Sin embargo, creo que el tema de la gobernabilidad y el interés general es relevante y debería haber estado presente en los debates del Comité Federal del PSOE. Una vez tomada, la abstención no debe presentarse como un mal menor, como una mera justificación táctica planteándola como si fuera algo vergonzante para el partido, sino explicarla en positivo, en términos de la gobernabilidad y los intereses generales, y obrar en consecuencia. No sentir vergüenza por abstenerse, sino hacerlo con el orgullo de contribuir a la gobernabilidad de nuestro país en un momento tan complicado como el de ahora y ante la magnitud de los retos que tenemos por delante.

Sólo así el PSOE podrá marcar un territorio diferenciado respecto a otros grupos (como Podemos) y podrá estar en condiciones de recuperar ante la ciudadanía la credibilidad como alternativa de gobierno, aunque ello le suponga costes elevados entre sus militantes. Sólo desde esa base, la abstención tendrá alturas de miras y no será una decisión política de vuelo bajo pensando sólo en los intereses del partido.

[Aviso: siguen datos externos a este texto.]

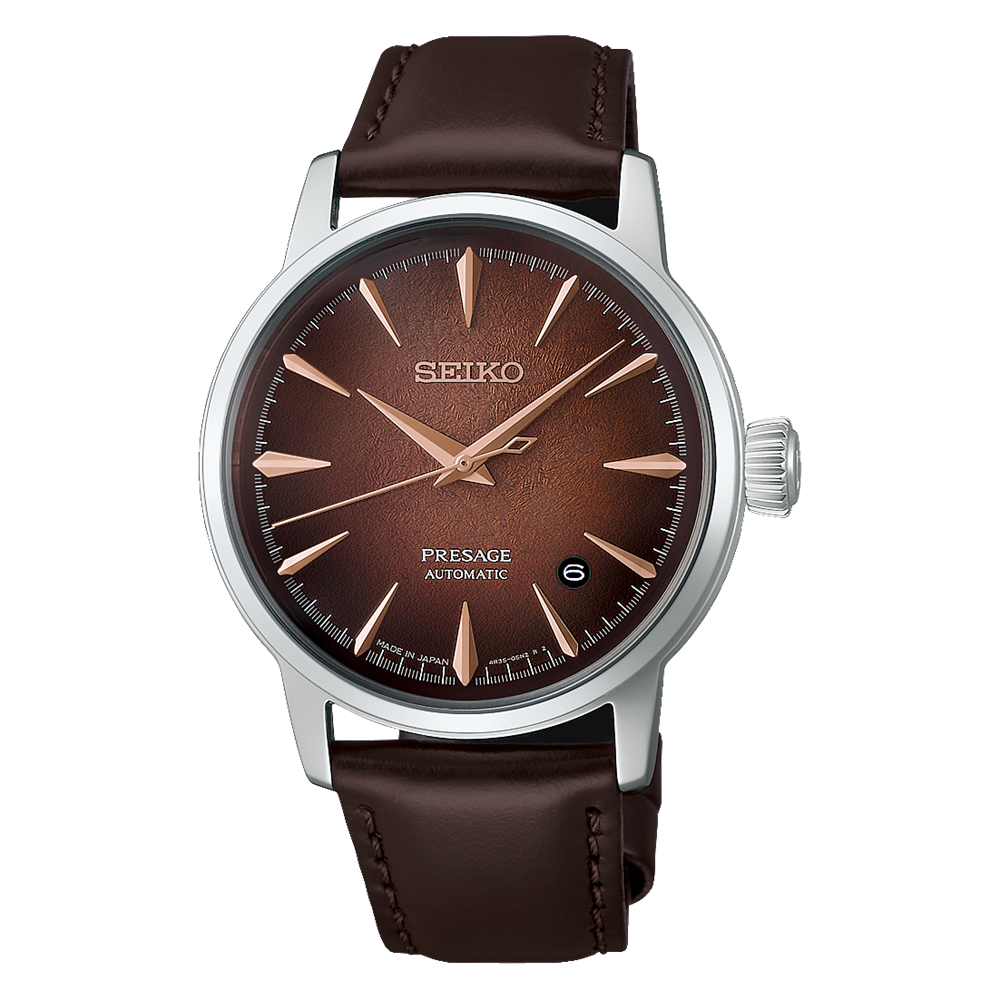 Seiko Presage Cocktail Time Brown Watch on Leather HCB003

Porque si, guiada por un objetivo táctico, la abstención queda como una decisión coyuntural para permitir que Rajoy forme gobierno, pero el PSOE opta, como ya han señalado algunos dirigentes socialistas (como Iceta o Madina), por una estrategia obstruccionista en el Parlamento para hacer imposible que el PP gobierne, me temo que el recorrido de la legislatura será muy corto, y tendremos nuevas elecciones de aquí a un año. Lo único que se habría conseguido con ello es desbloquear temporalmente la situación política de hoy, pero para continuar con el bloqueo al día siguiente de la formación del nuevo gobierno. Para ese viaje, el PSOE no necesita las alforjas de la abstención, salvo que con ello sólo busque ganar tiempo con la esperanza de recomponer sus hoy mermadas y divididas bases de apoyo y hacer frente al empuje de Podemos.

Comprendo que en la lógica interna de todos los partidos políticos, cuya aspiración es alcanzar el poder, las decisiones se suelen tomar pensando en los intereses del partido, y así ha sido desde que se fundó la democracia en Atenas. Pero en partidos con vocación de gobierno se debe pensar también en el interés general, contribuyendo a asegurar la gobernabilidad, generando certidumbre y garantizando la estabilidad política.

Y eso, en el caso del PSOE, no sólo consiste en que el aún primer partido de la oposición se abstenga para, ante la imposibilidad de armar una mayoría alternativa, facilitar el gobierno del partido que ganó las elecciones el 26-J. Es necesario, además, que adopte una actitud colaboradora y apueste por una estrategia basada en la cultura del pacto y el acuerdo sobre los grandes retos que tiene pendiente nuestro país, en vez dejarse atrapar por la táctica de Podemos de bloquear desde el minuto uno la acción del gobierno.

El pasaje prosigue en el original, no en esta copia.